Difficulty	Intermediate
Time Required	45-60 minutes
Prerequisites	Node.js 18+, Anthropic API key, TypeScript familiarity
Tools Needed	Claude Code CLI, @anthropic-ai/claude-agent-sdk

What You'll Learn:

Set up the Agent SDK and run your first query
Build a code review agent that reads files and returns structured findings
Create subagents for specialized tasks like security scanning
Handle permissions, sessions, and custom tools via MCP

The Agent SDK is the infrastructure behind Claude Code, exposed as a library. You get the agent loop, built-in tools for filesystem operations, and context management.
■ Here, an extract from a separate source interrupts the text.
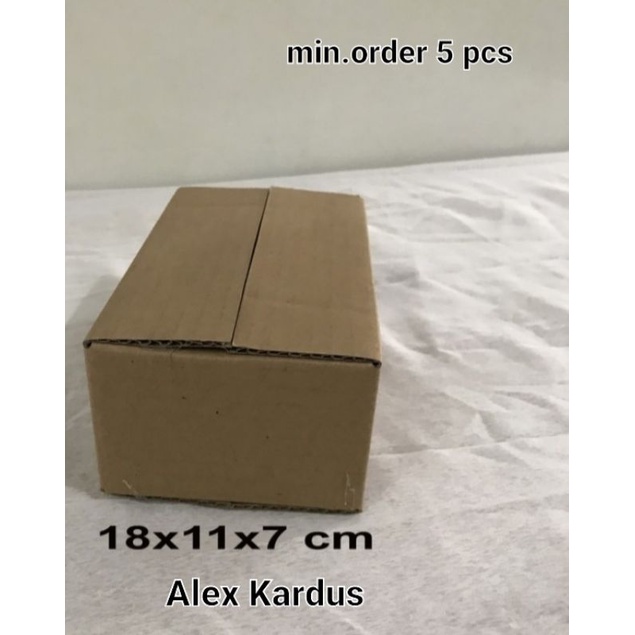 

Kardus / box / 18x11x7 cm / karton packing polos baru ST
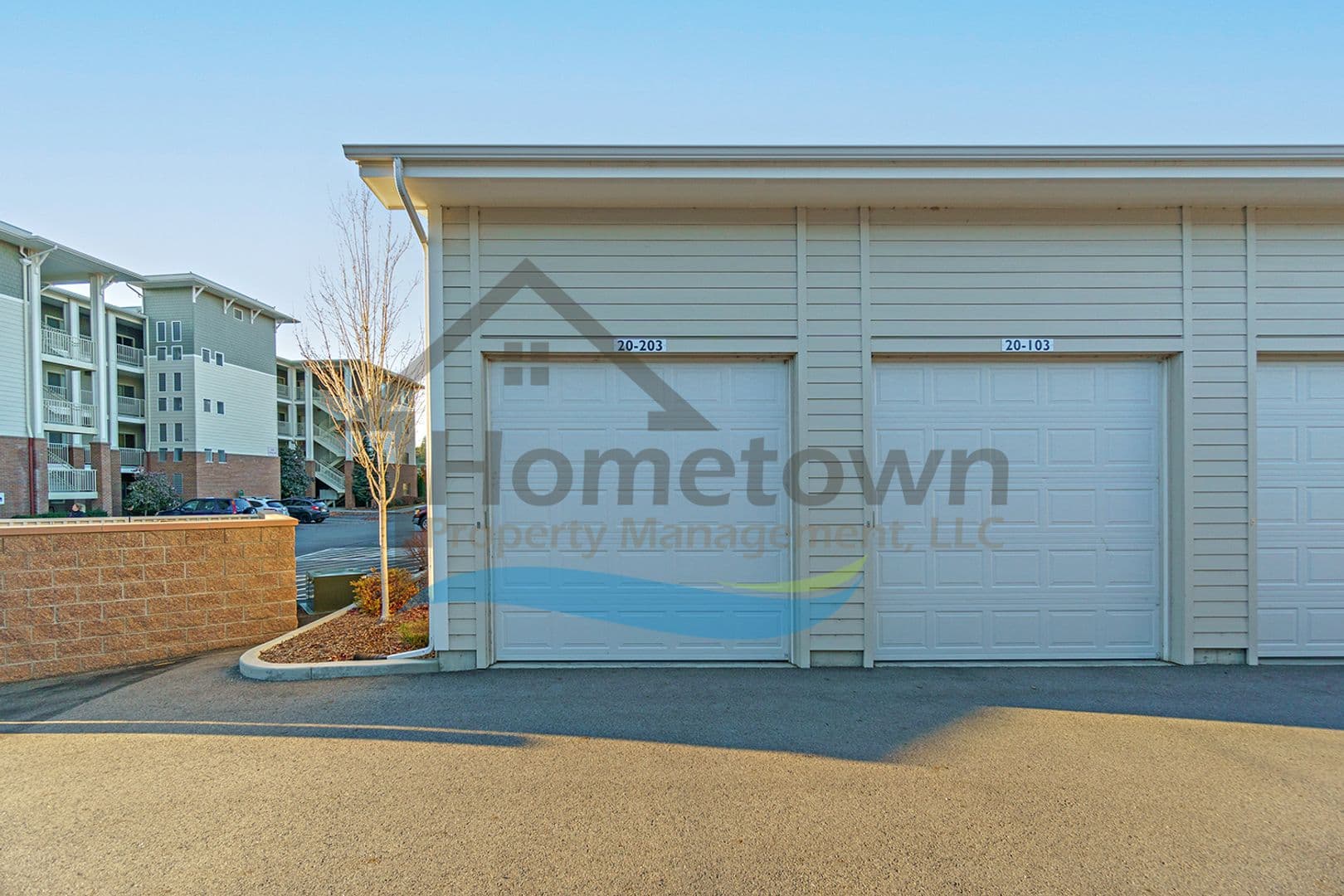 Post Falls House: 355 W Waterside Dr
This guide walks through building a code review agent from scratch. You'll end up with something that scans a codebase, identifies issues, and returns structured feedback.

Getting Started

Install the Claude Code CLI first. The Agent SDK uses it as its runtime:

npm install -g @anthropic-ai/claude-code

Run claude in your terminal and follow the prompts to authenticate. Then set up your project:

mkdir code-review-agent && cd code-review-agent
npm init -y
npm install @anthropic-ai/claude-agent-sdk
npm install -D typescript @types/node tsx

Set your API key:

export ANTHROPIC_API_KEY=your-api-key

The SDK vs Raw API

If you've built agents with the raw Messages API, you know the loop: call the model, check if it wants a tool, execute the tool, feed the result back, repeat. The SDK handles this for you.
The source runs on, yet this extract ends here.